Task directions >> Your answer should hold the data exactly as given, minus any picture.

Data excerpt Block Start

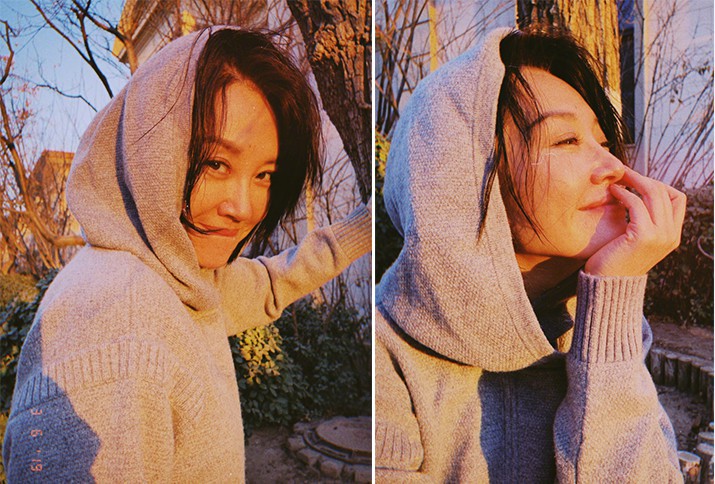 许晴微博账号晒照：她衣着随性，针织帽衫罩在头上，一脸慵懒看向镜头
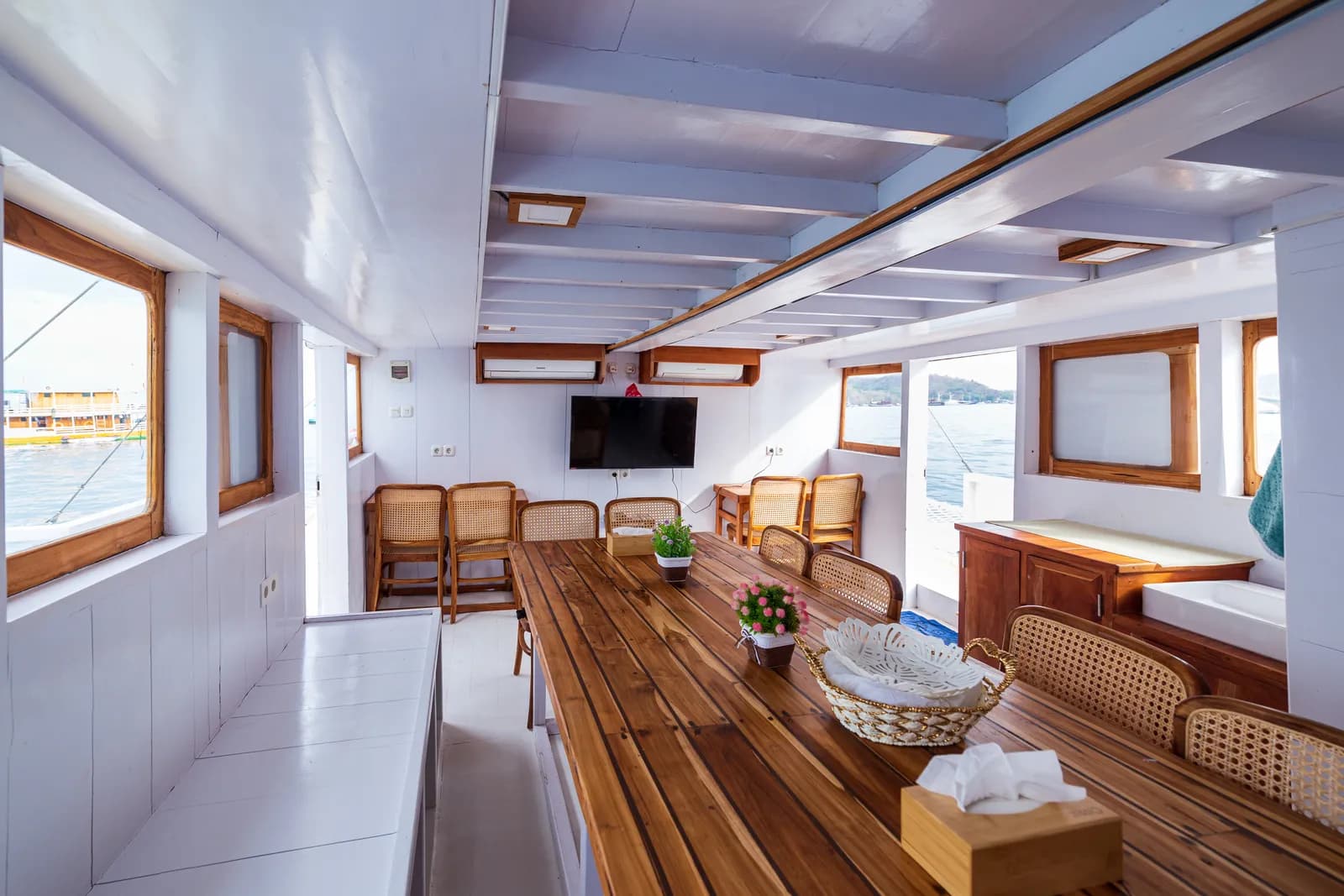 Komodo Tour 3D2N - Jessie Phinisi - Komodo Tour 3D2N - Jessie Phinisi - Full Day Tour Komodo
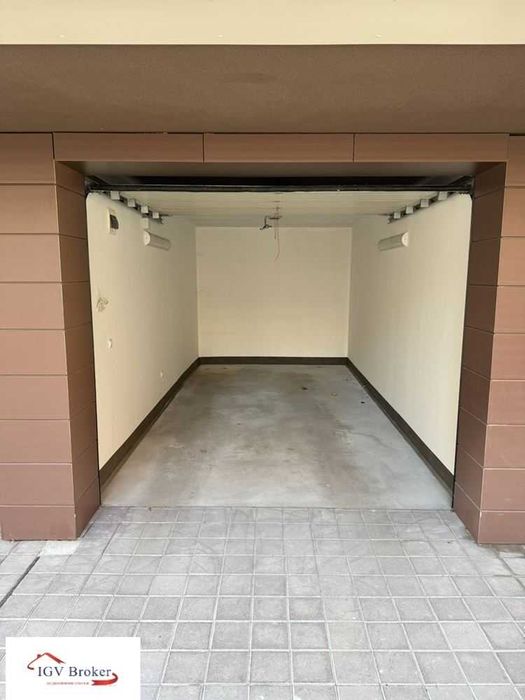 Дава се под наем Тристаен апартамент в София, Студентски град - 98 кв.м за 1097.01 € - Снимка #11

Data excerpt Block End

Finished exercise >>
 许晴微博账号晒照：她衣着随性，针织帽衫罩在头上，一脸慵懒看向镜头
 Komodo Tour 3D2N - Jessie Phinisi - Komodo Tour 3D2N - Jessie Phinisi - Full Day Tour Komodo
 Дава се под наем Тристаен апартамент в София, Студентски град - 98 кв.м за 1097.01 € - Снимка #11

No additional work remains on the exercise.